Kolej yıllarım unutulmazdı
Gaziantep’te o yıllarda kolejde okumak benim için çok büyük bir şans ve ayrıcalıktı. Şimdi her genç İngilizce biliyor ama biz o dönem iyi İngilizce bilerek hayatımıza bir adım önde başlamıştık. Kolejdeki eğitimcilerimiz çok deneyimli ve özel insanlardı. Kolejde o zaman şehirde birbirini iyi tanıyan, göz önünde bulunan ailelerin çocukları hep bir arada okuduk, hepimiz de şu an iyi birer meslek sahibi olduk. Özellikle sanayisi gelişmiş şehrimizde birçok kolejli arkadaşımızın sahadaki başarılarını duyunca okulumla gurur duyuyorum.

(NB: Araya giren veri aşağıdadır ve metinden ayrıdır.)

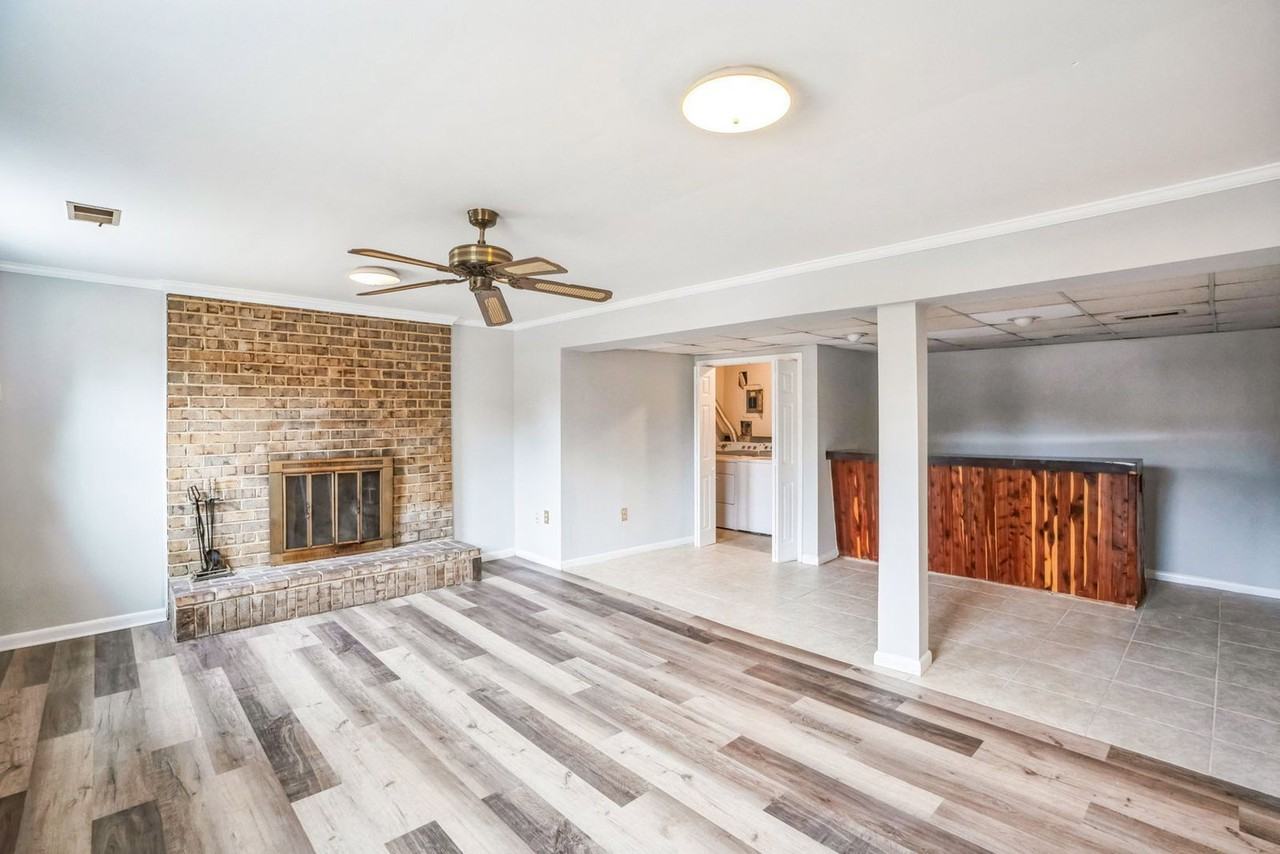 12814 Whiteholm Dr - Photo 4 of 23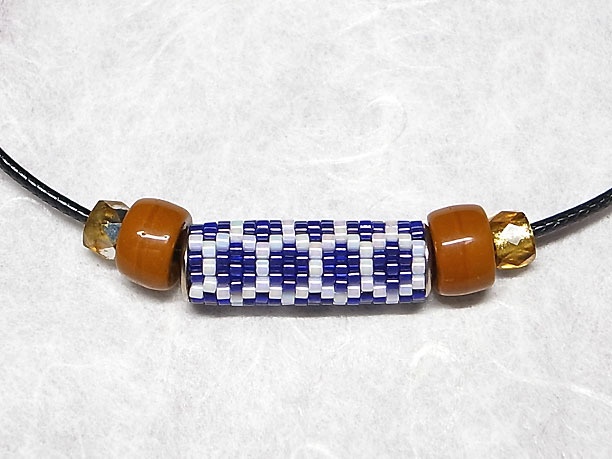 ローリングビーズペンダント「伝統文様」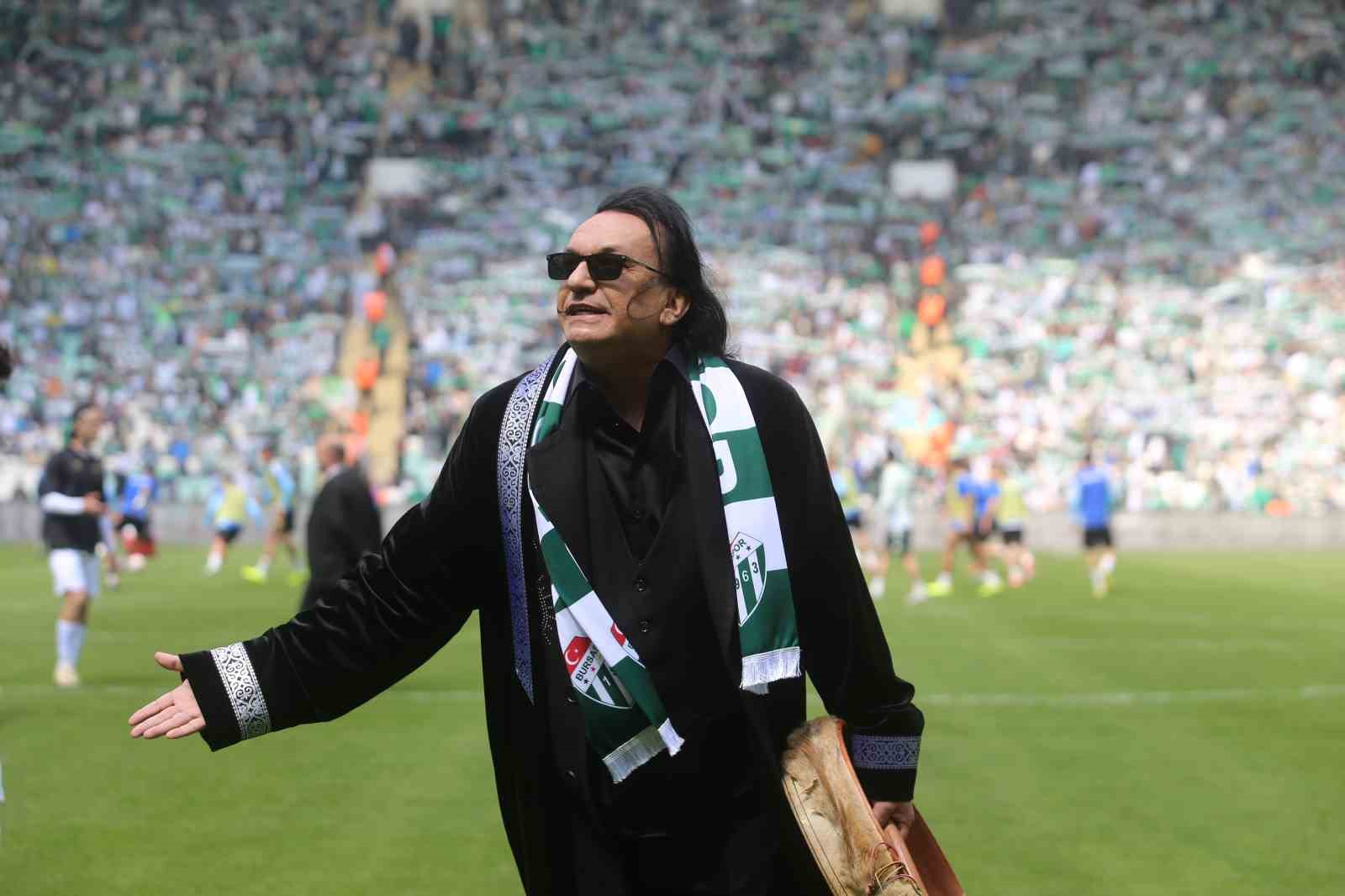 Bursaspor’a Gökhan Kırdar’dan özel beste sözü 8 bursaspora gokhan kirdardan ozel beste sozu 4 eu2cYVKr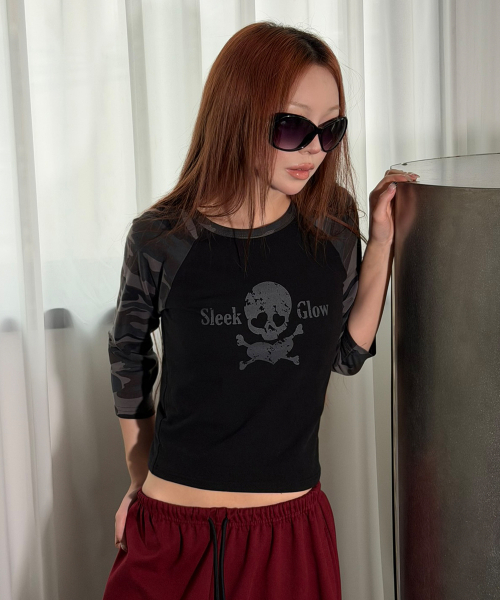 SLEEKGLOW（スリック グロウ）の「ヴィンテージスカルラグランTシャツ[ブラック]（Tシャツ/カットソー・レディース・その他・FREE）」の5枚目の写真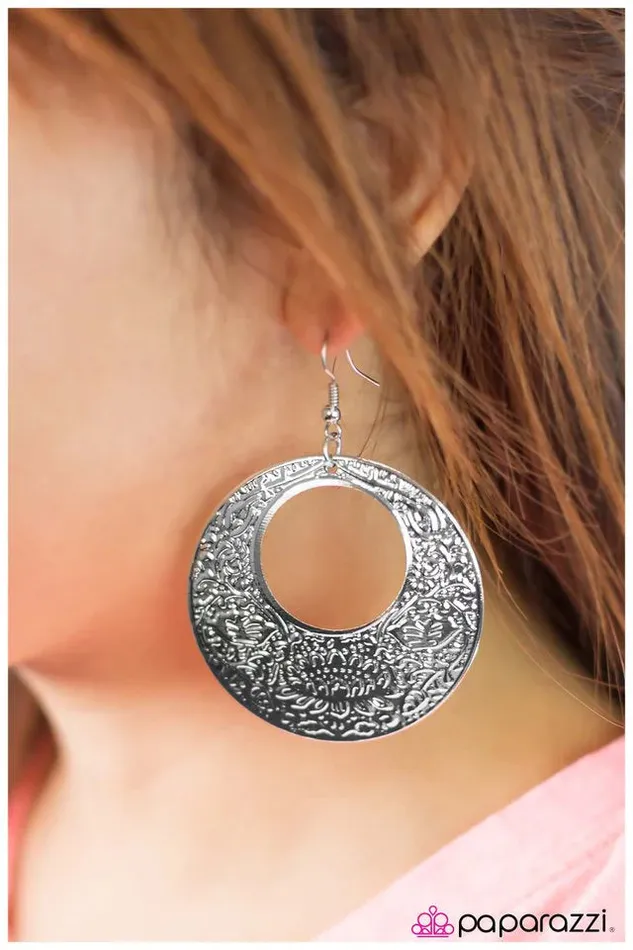 Paparazzi Earring Jupiter Moon Silver Paparazzi Jewelry Earrings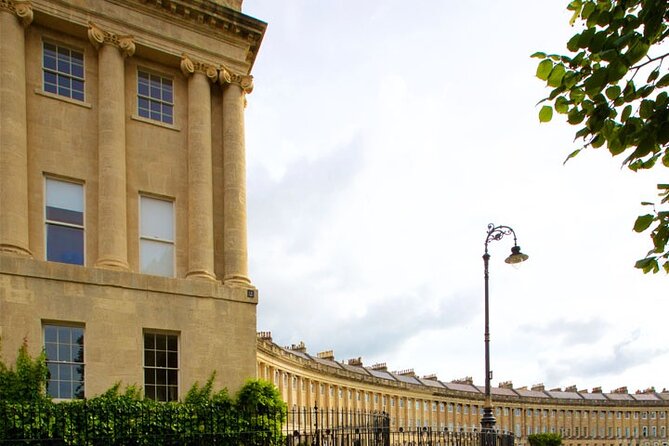 Private Guided Tour of Jane Austen's Bath - Queen Square and Austen’s 1799 view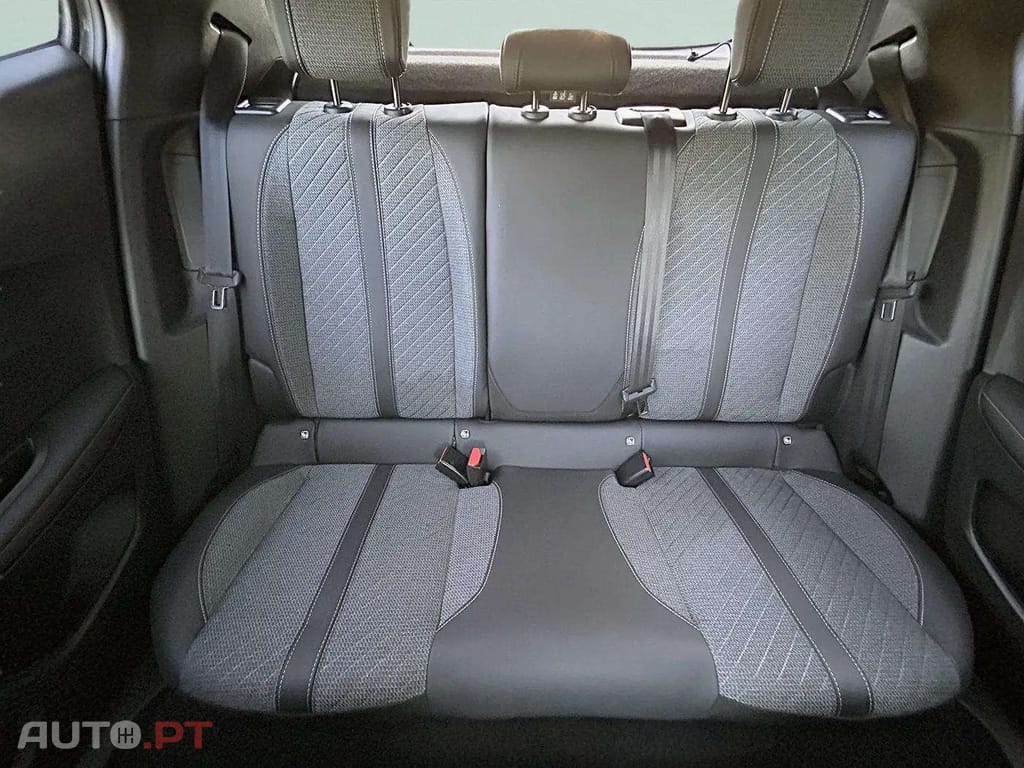 Peugeot E-2008 50 kWh Allure Pack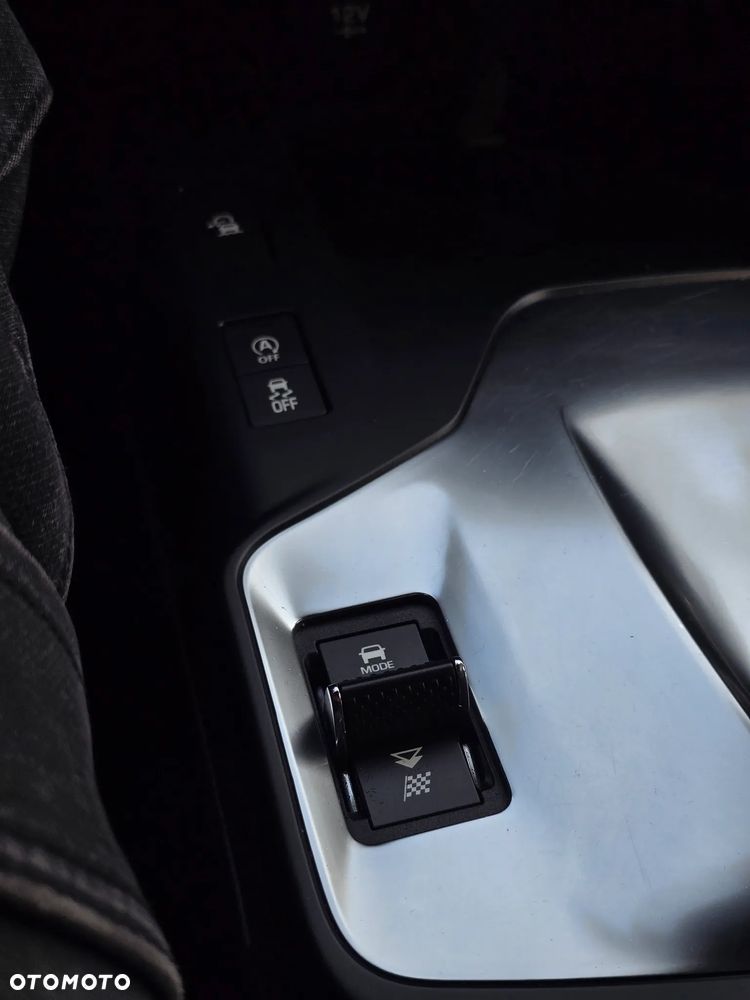 Jaguar E-Pace P200 AWD R-Dynamic - 34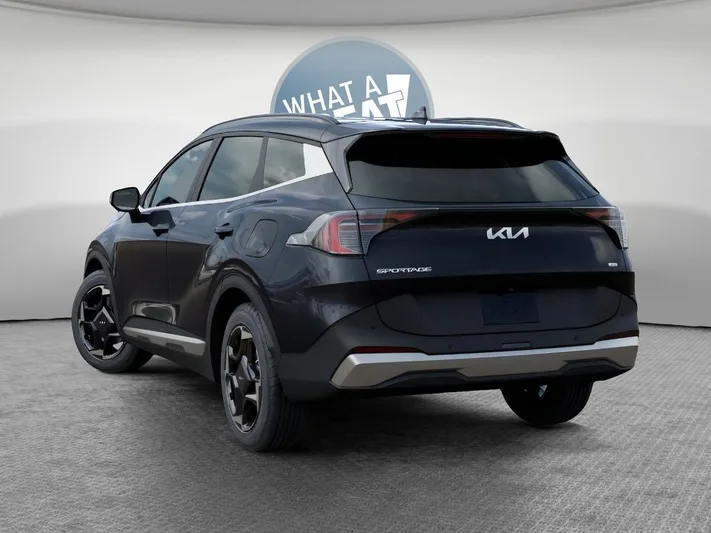 2026 Kia Sportage - view 4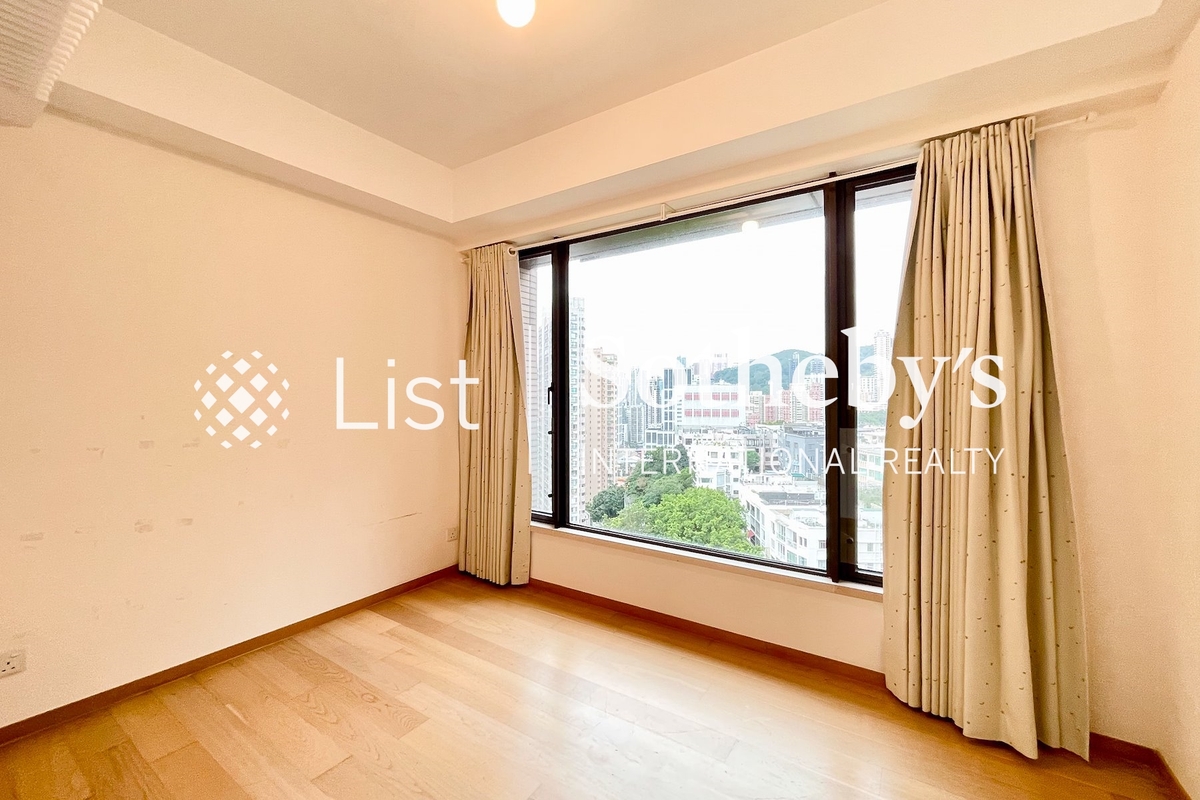 Winfield Building 雲暉大廈 | Master Bedroom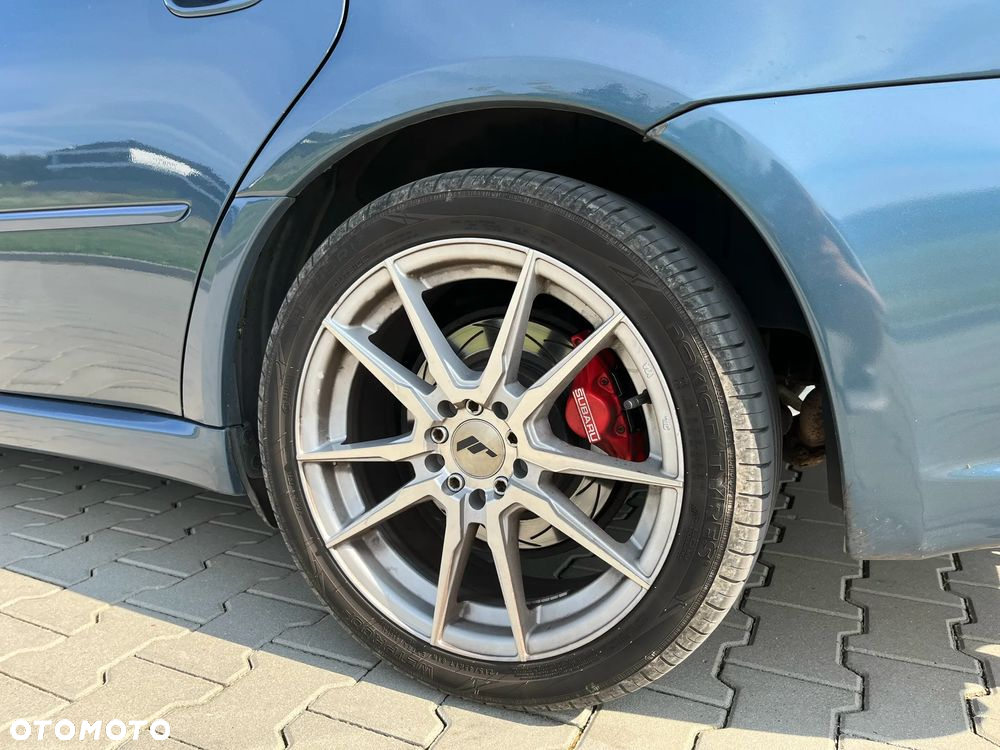 Subaru Legacy - 14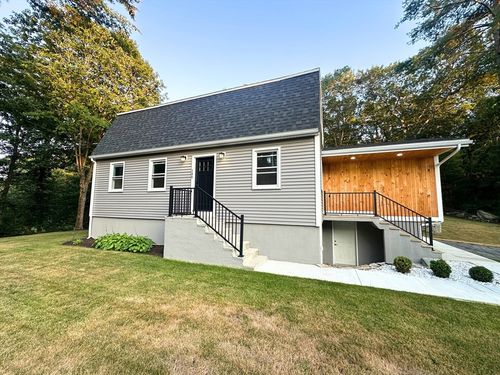 166 Forest St, Middleton, MA, 01949-1933 | Card Image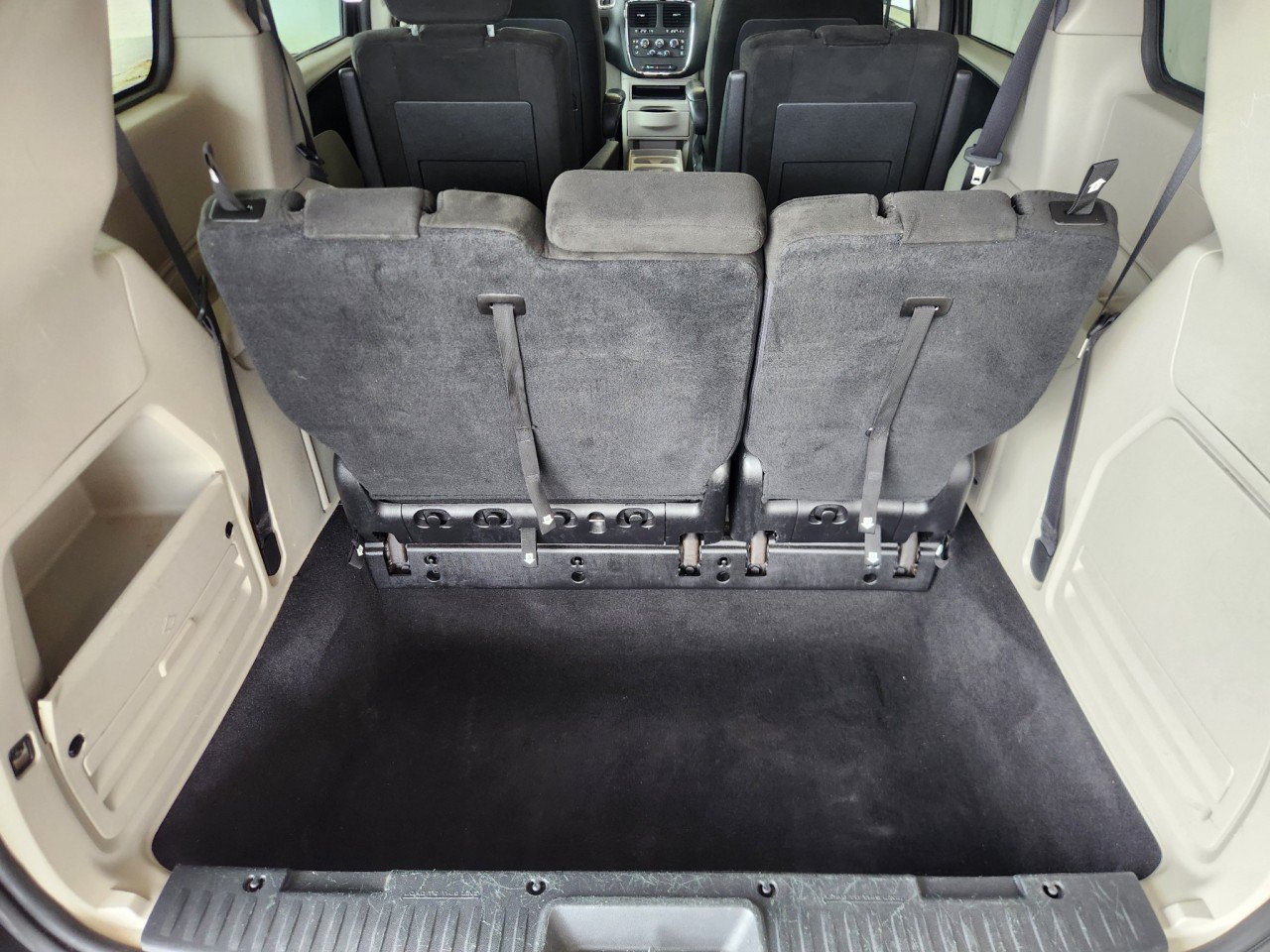 Used 2016 Dodge Grand Caravan SE w/ Quick Order Package 29E SE FWD image 11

Üniversite eğitiminize gelecek olursak…
Gaziantep Kolej Vakfında ortaokul ve liseyi tamamladıktan sonra 1979 yılında Hacettepe Üniversitesi Eczacılık Fakültesi’ne başladım. Çok istediğim bir okuldu. Aslında her zaman sağlıkçı olmak istiyordum. Annem tıp okumamı çok istemişti ama ben her nedense tıptan hep korktum. Laboratuvarı, araştırmayı çok seviyordum. Eczacılık okumayı tercih ettim, sınava girdim ve kazandım. 1986 yılında üniversite eğitimimi tamamladıktan sonra evlendiğim için İstanbul’a gittim. Üniversiteyi bitiren her öğrenci gibi ben de mastır yapmak istiyordum.
Neden Farmakoloji?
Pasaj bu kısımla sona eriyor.